To accomplish this, Wings chose another chisel-end stamp, this one dotted along its length with tiny uniform “teeth” that, when hammered onto the surface metal, would transfer a line of diminutive and equally uniform divots. This pattern he chased along the length of each wing on a slight diagonal, so close that they sometimes overlapped: angled downward and slightly leftward on the upper left wing; downward and. just as slightly rightward on the upper right; then changing direction slightly on the lower wings, angled inward to the right on the lower left and inward to the left on the lower right. The effect it produced evoked the veining of actual dragonfly wings remarkably well.

Once the stampwork was complete, he set the dragonfly’s body atop them at the upper center, and soldered them securely into place.

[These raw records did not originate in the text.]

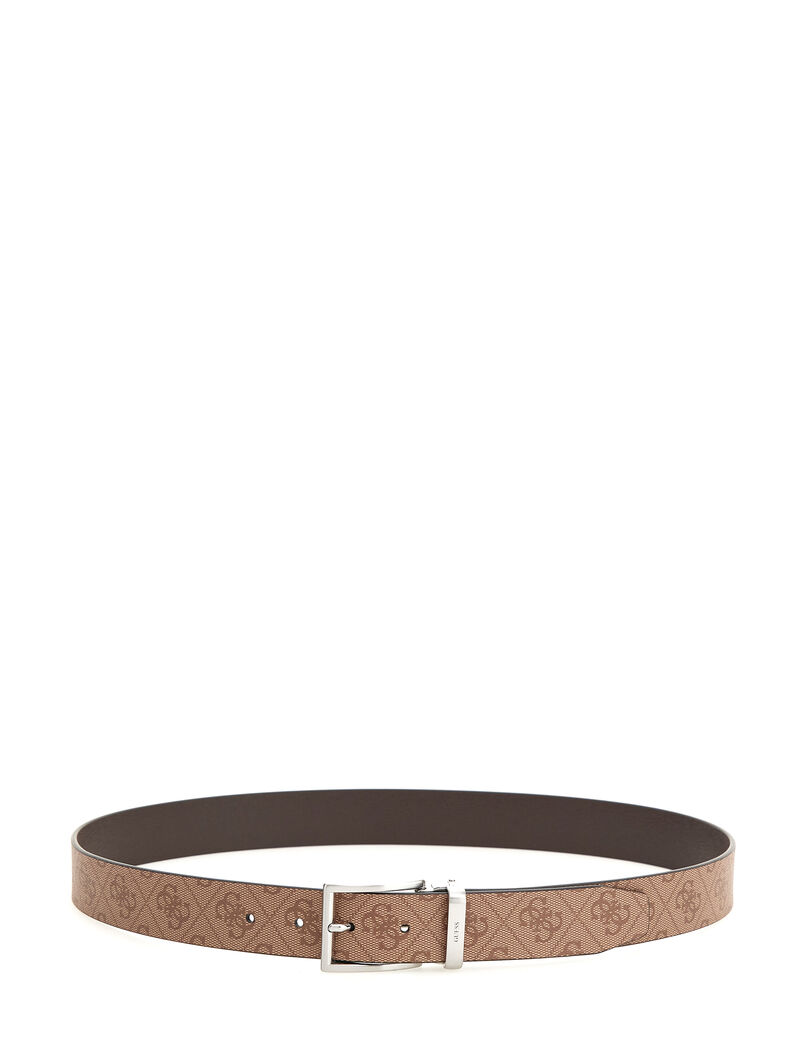 Classic reversible mens belt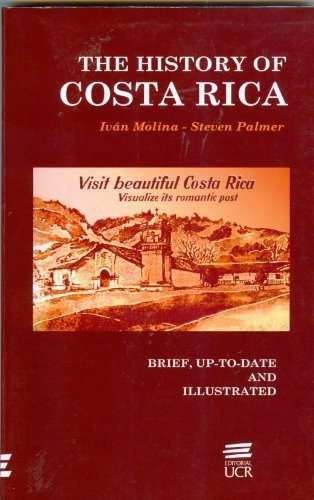 Libro The History Of Costa Rica Lhs3
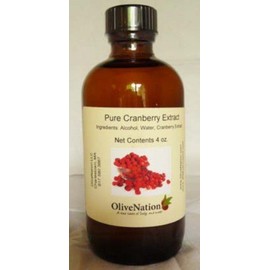 OliveNation Cranberry Extract - 4 ounces - Add the rich taste of cranberries to muffins, sauces and dressings - baking-extracts-and-flavorings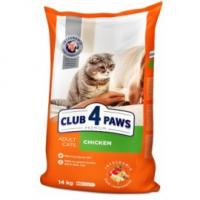 CLUB 4 PAWS PREMIUM (курица) в зоомагазине Лепшы Сябар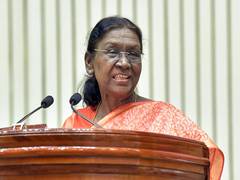 "A true star is one who spreads light, not darkness": President Droupadi Murmu urges celebrities to not endorse products harmful to health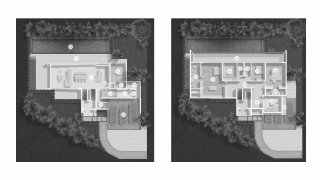 Villa floor plan, 5 bedrooms in Clover Residence No. 11024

He then oxidized all the stampwork, the scorework on the body, and the joins between the pieces, and buffed the pendant to a medium-high polish. All that remained was to set the stones, a pair of tiny yet extraordinarily high-domed round cabochons of sky-blue Sleeping Beauty turquoise.

If memory serves, this one sold without even adding a chain.

It was an immensely popular series, and a style that he hasn’t recreated for some time now. But it seemed fitting for this day when the heat reminds us that summer has not yet departed even as the wind insistently drives the edge of autumn upon us. There are clouds emergent from the pall of smoke to west and south now, and the rising wind has cleared some of the haze from the eastern horizon, a patchwork of clouds and blue showing through above and between the peaks.

Like the dragonfly who paid us a visit yesterday, this is the persistence of summer and its spirits: rain fighting the deliver in the teeth of the drought; spirits of wind and water and light who return even without sufficient resources, because they know it is the one safe space on their migratory path.

In recent years, this season has become deadly, and there will in fact be worse to come. It’s time for us to adopt the persistence of summer spirits, and reclaim a healthy world for our children.